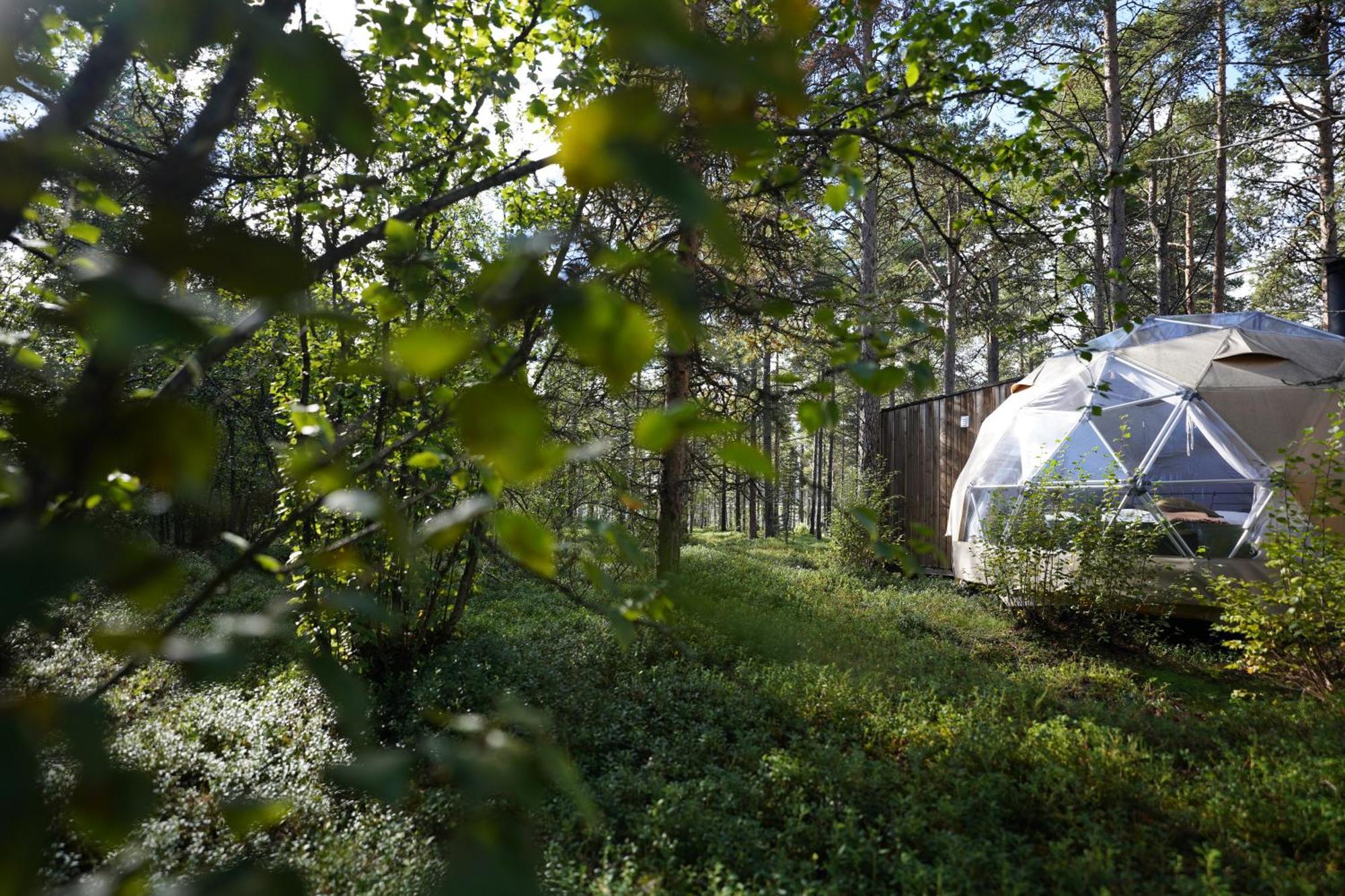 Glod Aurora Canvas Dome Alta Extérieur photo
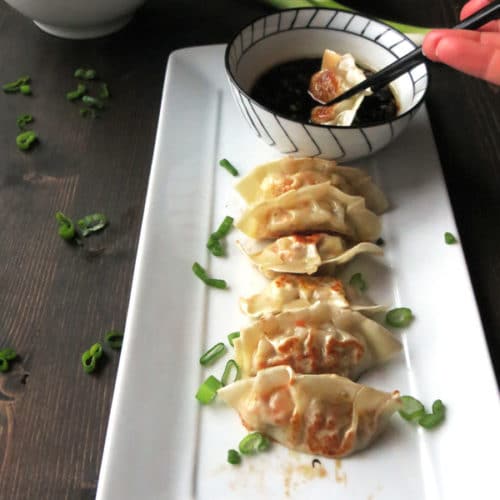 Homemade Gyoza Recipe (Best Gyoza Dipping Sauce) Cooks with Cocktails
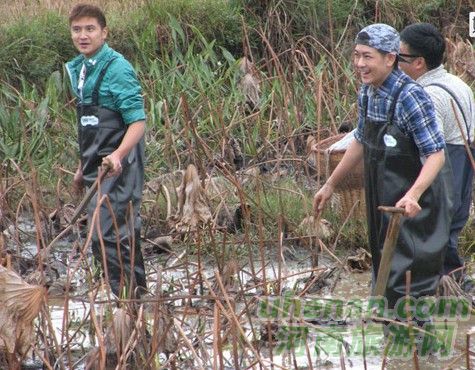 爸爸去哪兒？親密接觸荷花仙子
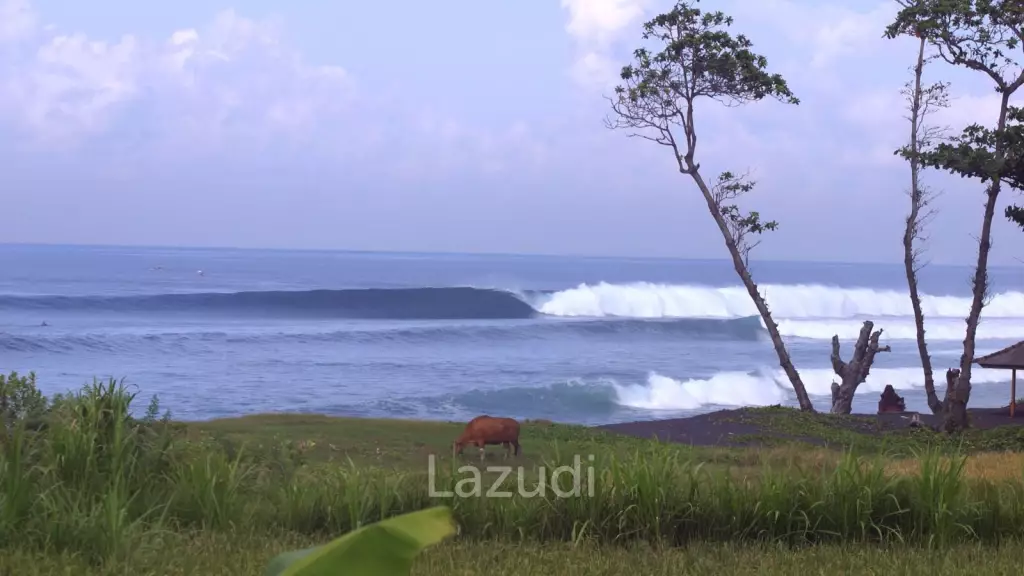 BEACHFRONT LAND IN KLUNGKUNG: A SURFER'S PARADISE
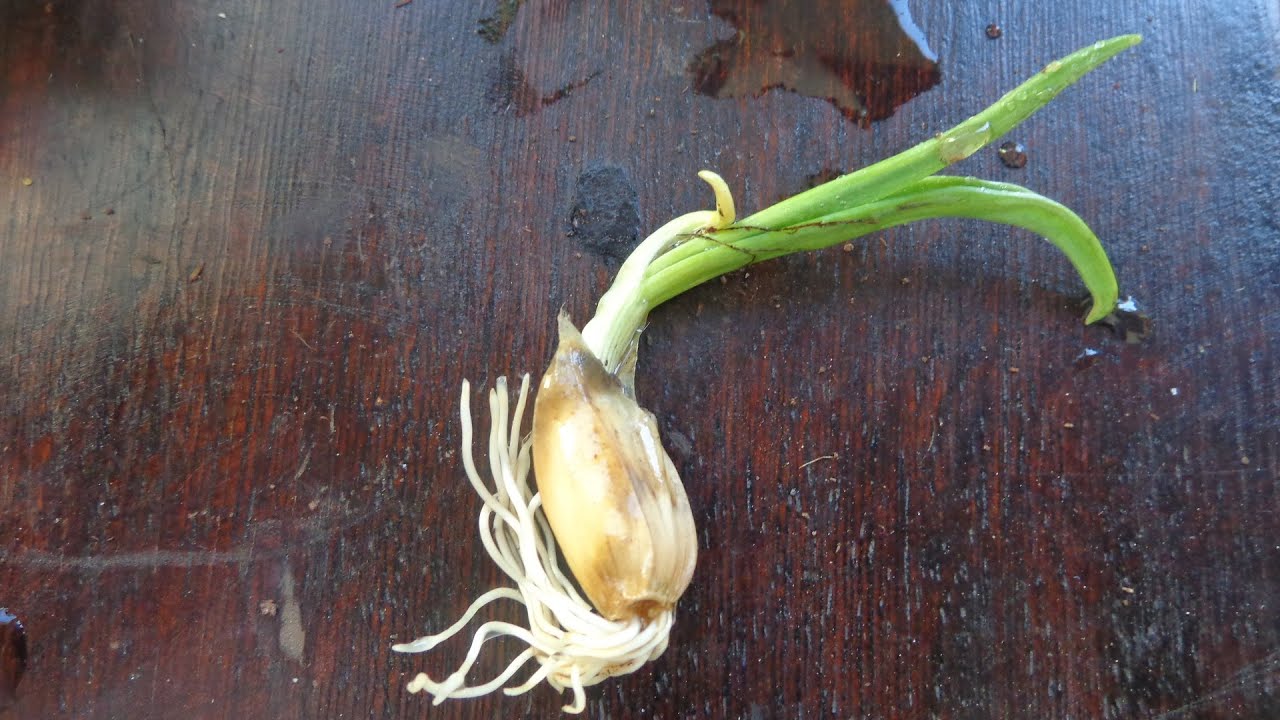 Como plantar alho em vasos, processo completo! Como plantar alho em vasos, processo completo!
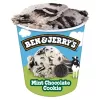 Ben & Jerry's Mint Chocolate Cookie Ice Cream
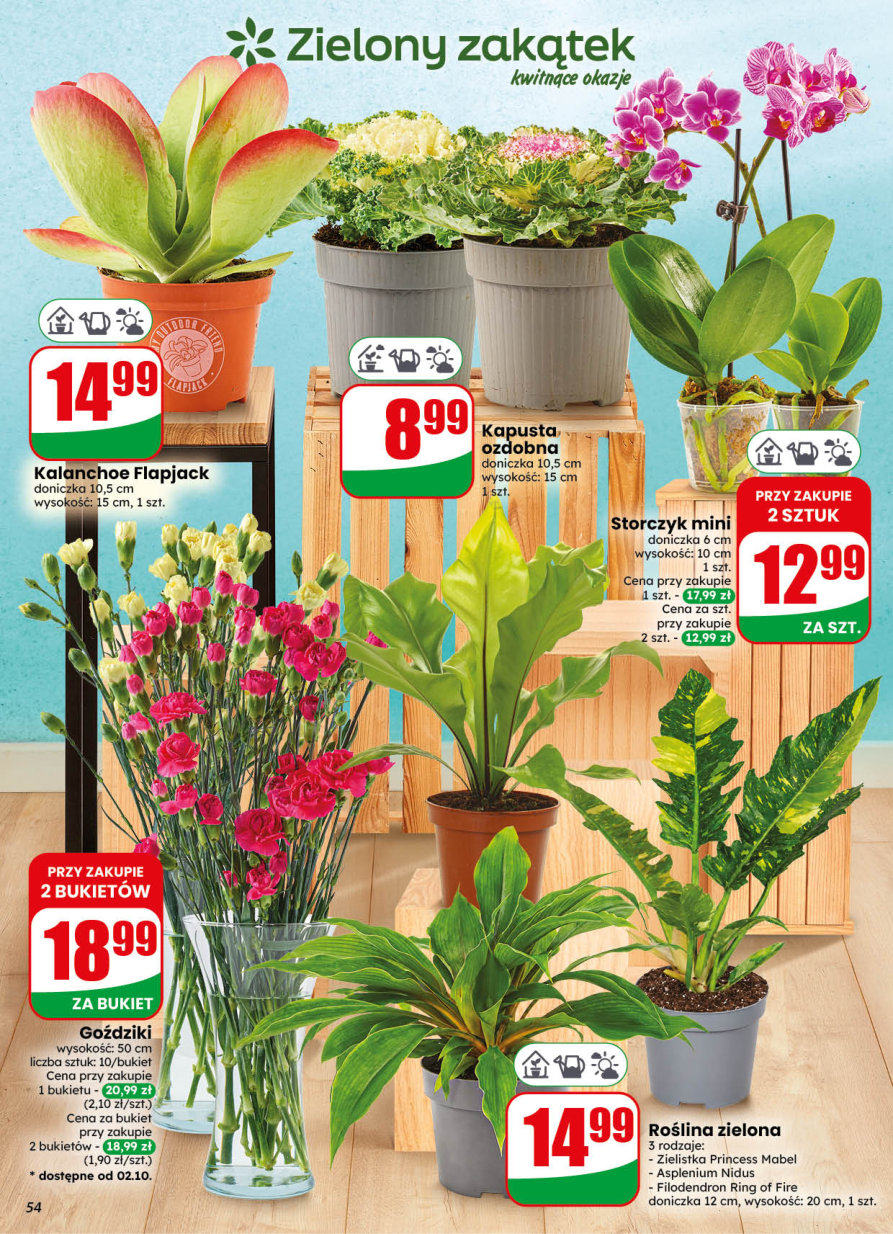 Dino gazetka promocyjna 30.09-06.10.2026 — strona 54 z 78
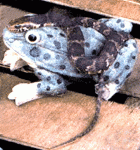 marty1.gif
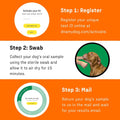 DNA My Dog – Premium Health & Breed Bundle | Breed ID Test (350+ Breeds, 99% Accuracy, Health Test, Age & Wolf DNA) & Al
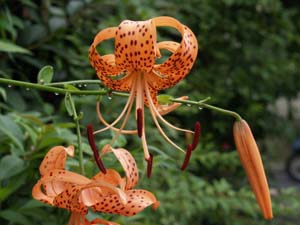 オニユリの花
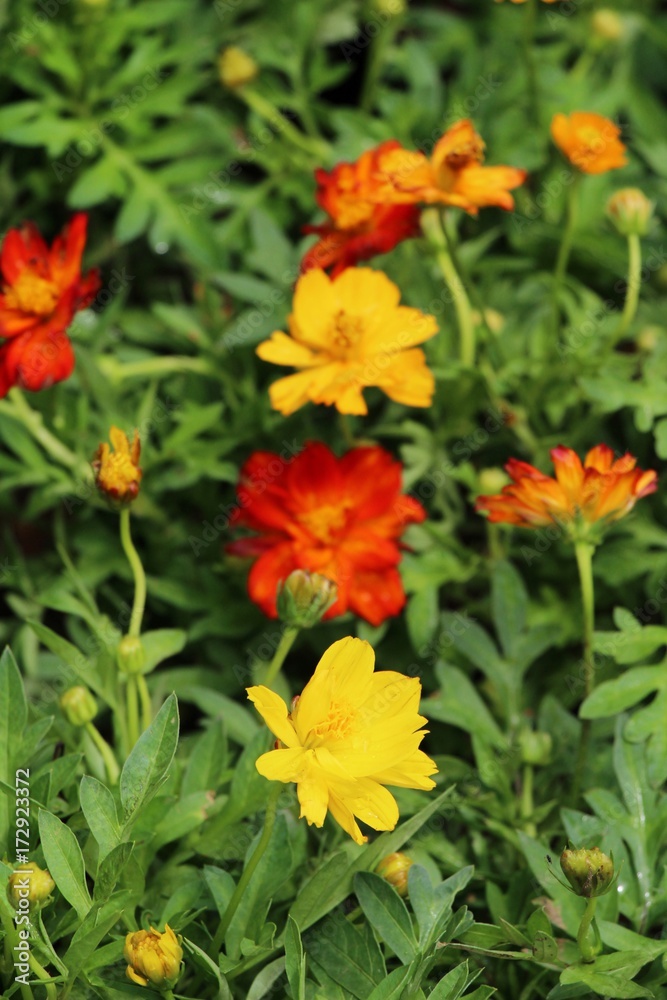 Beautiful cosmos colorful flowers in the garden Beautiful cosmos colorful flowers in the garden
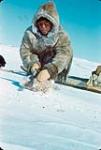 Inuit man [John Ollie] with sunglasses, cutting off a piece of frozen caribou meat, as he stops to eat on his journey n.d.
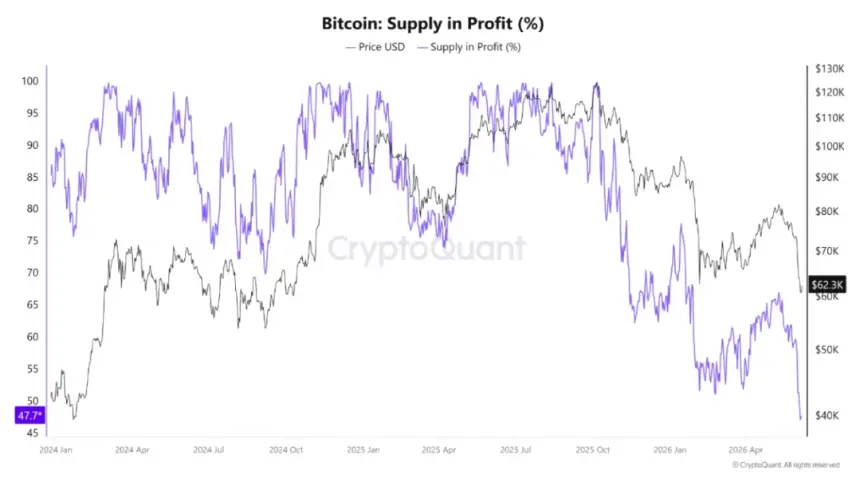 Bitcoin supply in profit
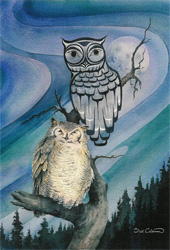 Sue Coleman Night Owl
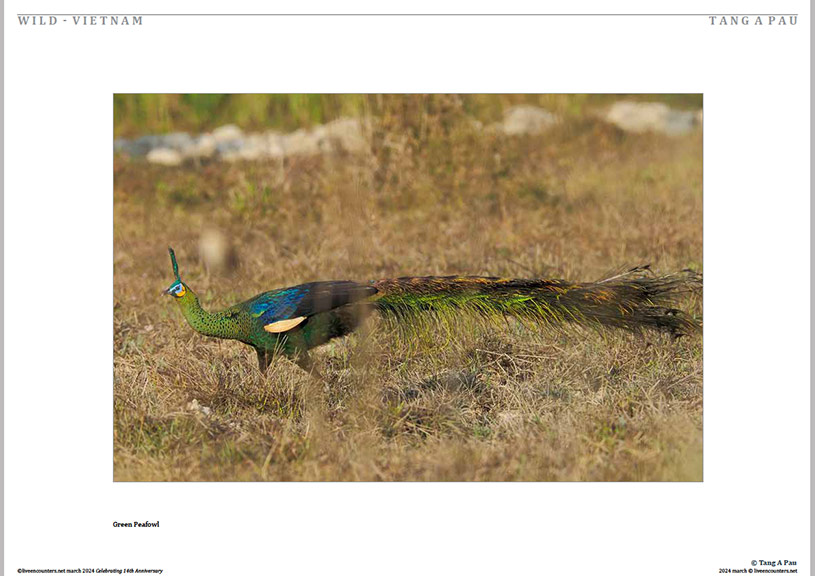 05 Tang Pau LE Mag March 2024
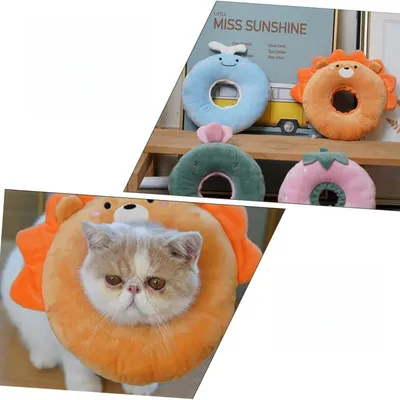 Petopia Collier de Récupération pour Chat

——————————

● **What the task requires**
In the entries above, find the line containing "05 Tang Pau LE Mag March 2024". Transcribe it and every later line to the end, exactly, and leave out the pictures.

● **Solved problem**
 05 Tang Pau LE Mag March 2024
 Petopia Collier de Récupération pour Chat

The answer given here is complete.